I'm implementing a Dataflow pipeline that reads messages from Pubsub and writes TableRows into BigQuery (BQ) using Apache Beam SDK 2.0.0 for Java.
This is the related portion of code:
tableRowPCollection
.apply(BigQueryIO.writeTableRows().to(this.tableId)
.withCreateDisposition(BigQueryIO.Write.CreateDisposition.CREATE_NEVER)
.withWriteDisposition(BigQueryIO.Write.WriteDisposition.WRITE_APPEND));
This code generates a group of tasks under the hood in the Dataflow pipeline. One of these tasks is the GroupByKey. This task is accumulating elements in the pipeline as can be seen in this print screen: GBK elements accumulation image. After reading the docs I suspect that this issue relates to the Window config. But I could not find a way of modifying the Window configuration since it is implicitly created by Window.Assign transform inside the Reshuffle task.
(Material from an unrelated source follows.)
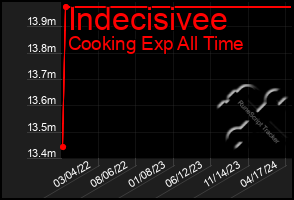 Total Graph of Indecisivee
Is there a way of setting the window parameters and/or attaching triggers to this implicit Window or should I create my own DoFn that inserts a TableRow in BQ?
Thanks in advance!
[Update]
I left the pipeline running for a day approximately and after that the GroupByKey
subtask became faster and the number of elements coming in and coming out approximated to each other (sometimes were the same). Furthermore, I also noticed that the Watermark
got closer to the current date and was increasing faster. So the "issue" was solved.